Task description
Write out exactly, and only, the lines below from the line with "Peak Performance Men" through the line with "Bague Pierres Naturelles"; pictures do not belong in the copy.

Excerpted records
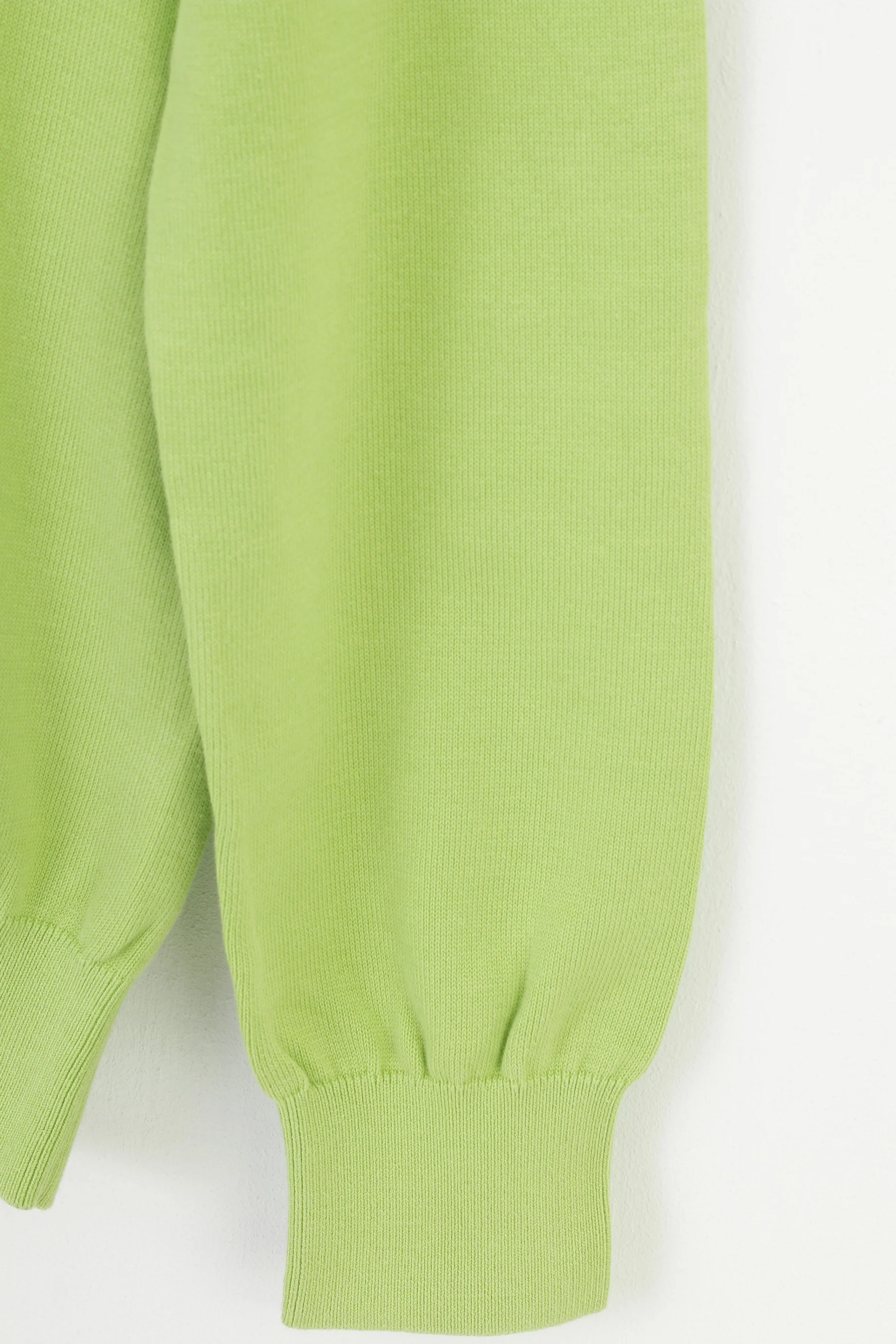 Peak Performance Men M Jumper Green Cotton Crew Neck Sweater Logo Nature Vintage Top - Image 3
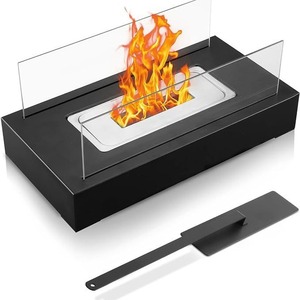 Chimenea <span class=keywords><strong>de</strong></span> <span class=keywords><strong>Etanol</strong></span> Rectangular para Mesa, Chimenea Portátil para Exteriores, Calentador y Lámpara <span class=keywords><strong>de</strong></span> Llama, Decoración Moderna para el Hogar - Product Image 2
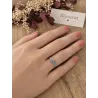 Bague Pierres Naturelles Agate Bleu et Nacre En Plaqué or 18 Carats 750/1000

==

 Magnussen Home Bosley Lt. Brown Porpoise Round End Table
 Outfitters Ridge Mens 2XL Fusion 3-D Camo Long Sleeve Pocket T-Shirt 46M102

Exercise answer
 Peak Performance Men M Jumper Green Cotton Crew Neck Sweater Logo Nature Vintage Top - Image 3
 Chimenea <span class=keywords><strong>de</strong></span> <span class=keywords><strong>Etanol</strong></span> Rectangular para Mesa, Chimenea Portátil para Exteriores, Calentador y Lámpara <span class=keywords><strong>de</strong></span> Llama, Decoración Moderna para el Hogar - Product Image 2
 Bague Pierres Naturelles Agate Bleu et Nacre En Plaqué or 18 Carats 750/1000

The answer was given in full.